- [GIVEN DATA]:
○ ○ ○ ○ ○ ○ ○

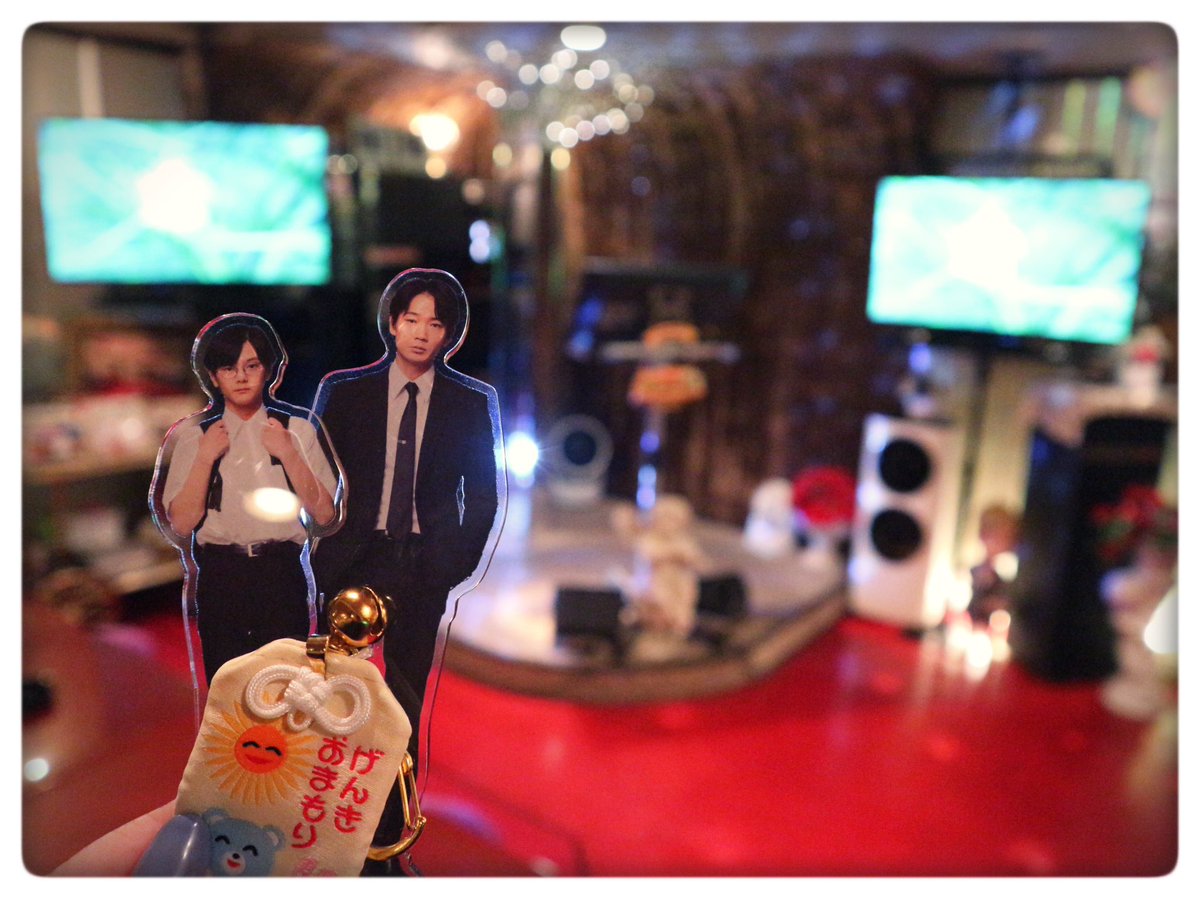 39__Free's tweet image. 10/27は映画カラオケ行こ！の組長のお誕生日やで〜🎂
センチュリー廃車記念日、そして紅記念日や…！🎤

#映画カラオケ行こ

○ ○ ○ ○ ○ ○ ○

- [REQUIREMENT]: Each line of the data above must be repeated exactly, images excluded.

- [YOUR SOLUTION]:
 39__Free's tweet image. 10/27は映画カラオケ行こ！の組長のお誕生日やで〜🎂
センチュリー廃車記念日、そして紅記念日や…！🎤

#映画カラオケ行こ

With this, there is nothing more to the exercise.